** DATA TO EXAMINE **
■ ■ ■ ■ ■ ■ ■

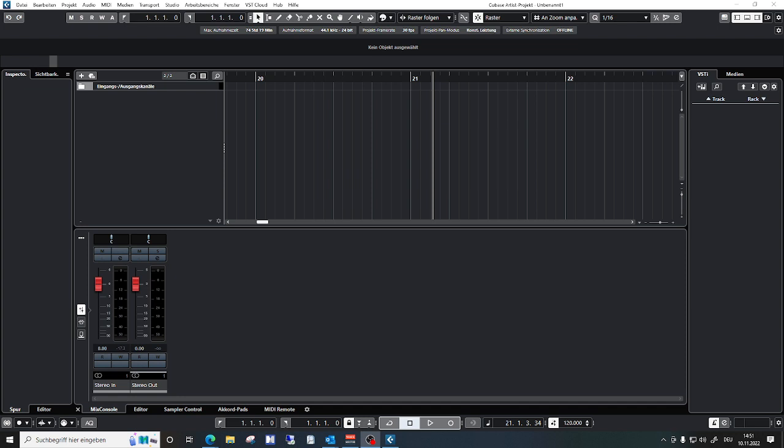I see right now that I didn't record the output of Cubase.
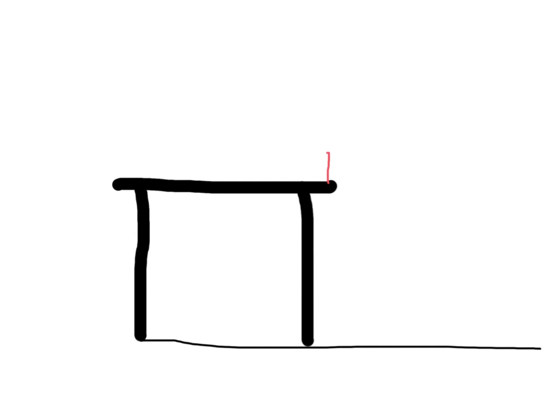So to do that, to set this up, you're going to place your photo gate as close to the edge of the table as possible. And what this photo gate is going to do is it's going to measure your horizontal velocity.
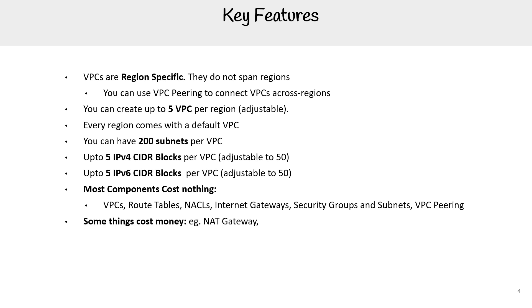Some things do cost money. NAT Gateway, VPC Endpoints, VPN Gateway, Customer Gateway, IPv4 addresses, which is a new thing.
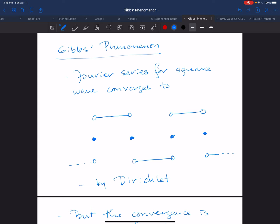This is just another short video to tie up a loose end. When we looked at Fourier series, we started with the example of a square wave and we later saw the Dirichlet convergence theorem. In the case of the square wave, that tells us that the Fourier series converges to the exact value of the square wave at every point where the square wave is continuous.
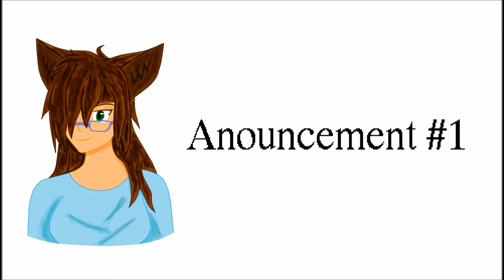But anyway, thank you all so much for subscribing and listening to my audios, and even following me on SoundCloud. Please, I encourage you to check out my Tumblr and even my Patreon page and give support to me.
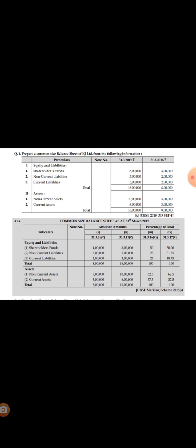Continuing this way, the current liability percentage for 2016 comes to 25 percent and for 2017 it is 18.75 percent. For the total row, we divide 8 lakhs by 8 lakhs into 100, giving 100 percent for 2016, and similarly 16 lakhs by 16 lakhs into 100 gives 100 percent for 2017. This is how we calculate all percentages for each item for both years.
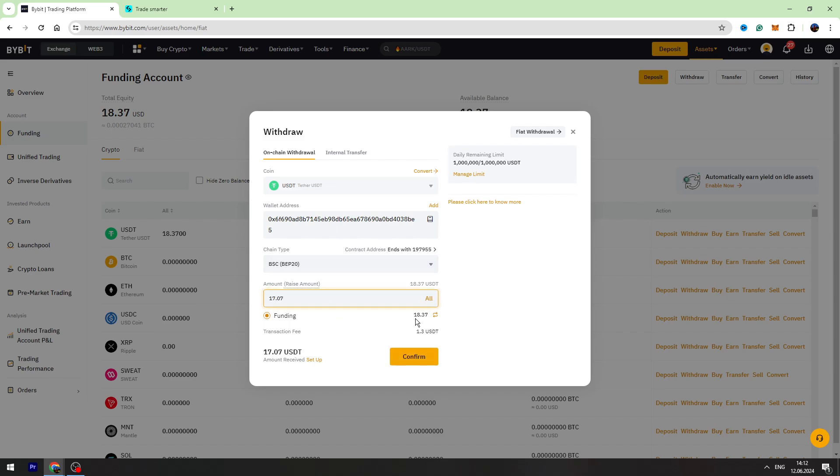As you can see, I'm sending 18.37 USDT. The fees are 1.3 and I will receive 17.07 USDT on my BitGet account. We need to click confirm button.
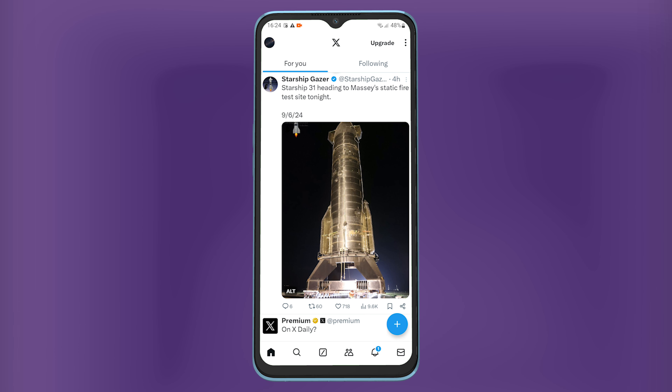Hey guys, welcome back to Easy Internet and in today's video, we are going to look on how to see the latest news feed on Twitter.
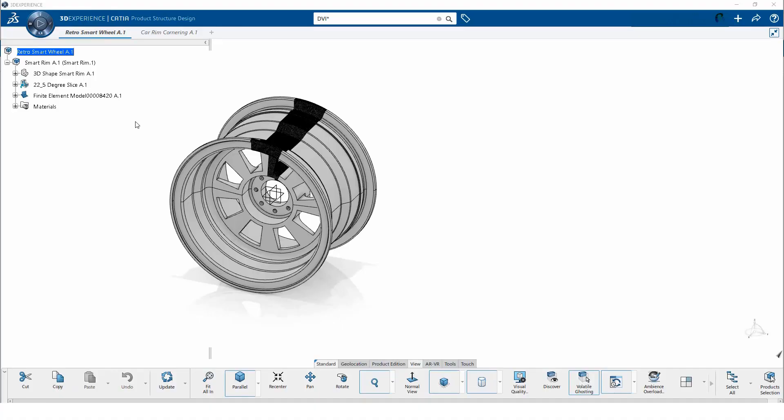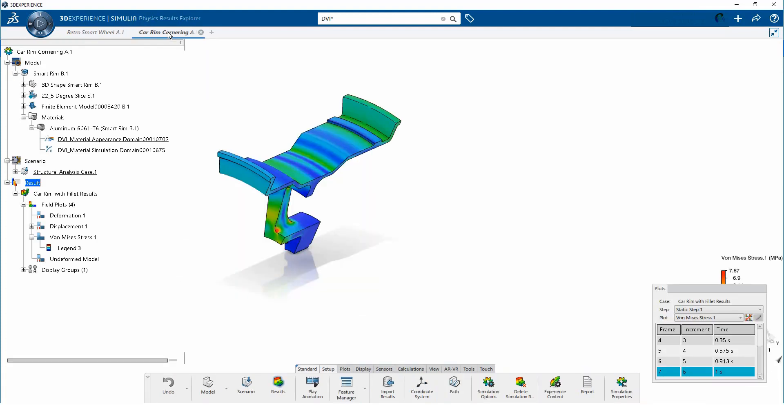I have opened up the geometry for a car rim and I have also opened the simulation results for the cornering load case. I would like to view both of these at the same time.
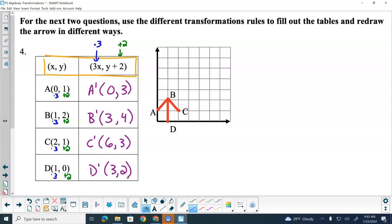Now we can go and plot those points. A prime is at the point 0, so I'm not going left or right at all — up 3, right there is A prime. B prime, 3 comma 4 — right 3, up 4. C prime, 6 comma 3 — right 6, up 3. D prime, 3 comma 2 — right 3, up 2. Then it said we connected A to B, B to C, and B to D.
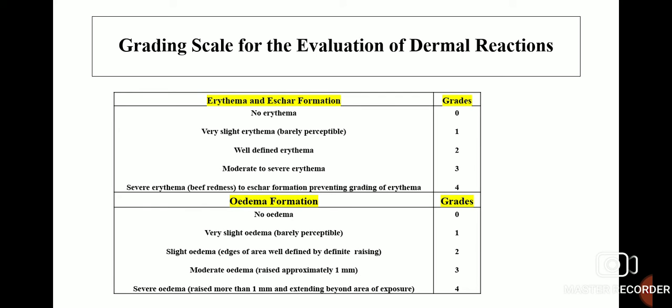This is the grading scale for the evaluation of dermal reactions. Erythema and eschar formation can be graded 0 to 4: grade 0 is no erythema, grade 1 is very slight erythema, grade 2 is well-defined erythema, grade 3 is moderate to severe erythema, and grade 4 is severe erythema to eschar formation preventing grading of erythema. For edema formation, grades are also 0 to 4: grade 0 is no edema, grade 1 is very slight edema, grade 2 is slight edema, grade 3 is moderate edema of approximately 1 mm, and grade 4 is severe edema raised more than 1 mm and extending beyond the area of exposure.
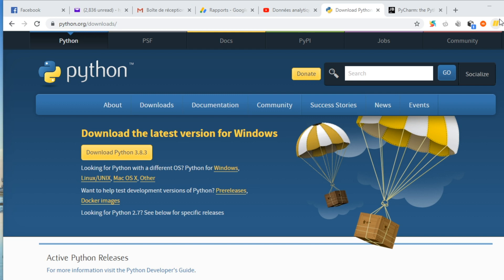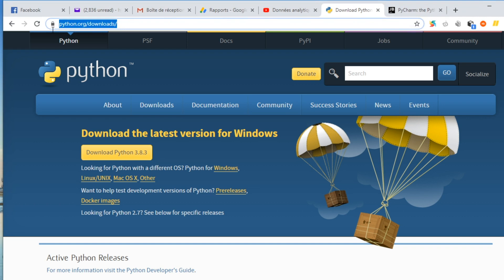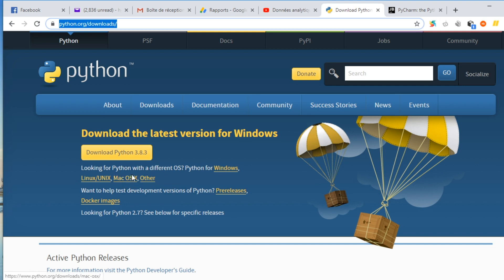We will show you how to install Python on your computer. To start, you need to know that Python is free software, so you can just go to python.org, download, and choose the version which corresponds to your computer. For example, I have Windows — you can have Linux or Mac or another system — so you can download for free the version of Python that corresponds to your computer.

■ ■ ■ ■ ■ ■ ■

** ASSIGNED TASK **
The reply should hold exactly the lines above, starting at the line with "Continuing this way, the" and ending at the line with "Now we can go", and no pictures.

** ANSWER TO THE PROBLEM **
Continuing this way, the current liability percentage for 2016 comes to 25 percent and for 2017 it is 18.75 percent. For the total row, we divide 8 lakhs by 8 lakhs into 100, giving 100 percent for 2016, and similarly 16 lakhs by 16 lakhs into 100 gives 100 percent for 2017. This is how we calculate all percentages for each item for both years.
As you can see, I'm sending 18.37 USDT. The fees are 1.3 and I will receive 17.07 USDT on my BitGet account. We need to click confirm button.
Hey guys, welcome back to Easy Internet and in today's video, we are going to look on how to see the latest news feed on Twitter.
I have opened up the geometry for a car rim and I have also opened the simulation results for the cornering load case. I would like to view both of these at the same time.
Now we can go and plot those points. A prime is at the point 0, so I'm not going left or right at all — up 3, right there is A prime. B prime, 3 comma 4 — right 3, up 4. C prime, 6 comma 3 — right 6, up 3. D prime, 3 comma 2 — right 3, up 2. Then it said we connected A to B, B to C, and B to D.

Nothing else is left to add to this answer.